For some idiotic reason I paid close to $30 bucks for Criterion’s Bluray of The Blob (’58). It’s a decent low-budget monster flick, primitive and simple and appealing for that, but I felt seriously burned as I began watching it. The smooth saxophone riff during the opening credits is cool (written by Burt Bacharach and strongly reminiscent of Bill Justis‘s “Raunchy“, which was released a year before The Blob came out) but right away there’s trouble.
It’s not the action or the dialogue, but the hideous lighting on the actors’ faces in nocturnal close-ups and medium close-ups. The trouble isn’t the Bluray (typical Criterion work, smothered in grain…what else?) but the film itself. It’s the most ineptly lighted color motion picture I’ve ever seen in my life.
The Blob begins after dark in a woodsy area. No streetlamps, maybe a little moonlight. 27 year-old Steve McQueen (called “Steven” McQueen in the opening titles) is gently kissing his girlfriend, played by 24 year-old Aneta Cousault. They’re sitting in McQueen’s bright-blue convertible, and McQueen isn’t even trying for second base — his kiss is chaste and courtly, but she’s feeling betrayed and hurt and disappointed.

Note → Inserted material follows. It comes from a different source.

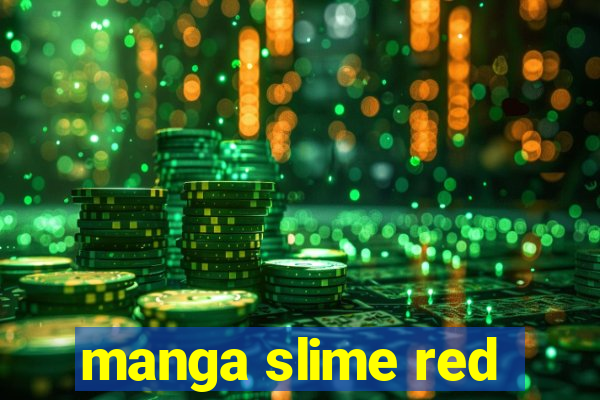 manga slime red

The look on Cousault’s face speaks volumes. It’s almost in the same realm as the look on Sen. Joseph McCarthy‘s face when he accused this or that lefty of Communist allegiances. You just want to get your hands inside my dress, Steve. I thought you cared for me. I thought you respected me. I thought you were nicer than that. But I’m not going to give you what you want, Steve. I’m not going to unzip your fly and bring you to ecstasy with the gentle caress of my fingers.

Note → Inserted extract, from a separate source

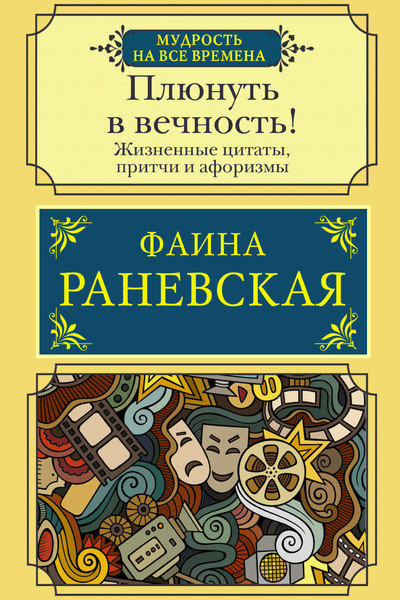 Плюнуть в вечность! Жизненные цитаты, притчи и афоризмы от Фаины Раневской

McQueen smiles and says he’s sorry, but in a way he’s lucky because one look at Cousalt tells you she’s never heard of any form of sexual activity other than the woman just lying there and waiting for the man to finish. Attempted teenaged intimacy used to be like this. So depressing. Thank God I grew up in one of the greatest nookie eras in world history, the Roman Empire included. But I’ve gotten off the subject.
The lighting in the opening scene and in every outdoor-nighttime scene in the entire film for that matter is terrible. The opening shot looks like McQueen and Cousault are sitting directly in front of 2000-lb. klieg light or a pair of truck headlights.
Director Irvin S. Yeaworth Jr. and his dp, Thomas E. Spaulding, had surely heard of “day for night” but for whatever reason they just turned the lights on. Every night scene has been flood-lighted to death. When The Blob’s first victim, an old hermit (Olin Howland), steps out of his home at night he’s all lit up like New Year’s Eve. It’s all Howland can do to not squint from the glare.
And yet Yeaworth’s film is more watchable than Larry Hagman‘s Beware! The Blob (’72), which I saw and could barely stand when I watched it on YouTube the other day. And don’t even talk about the 1988 version — garbage.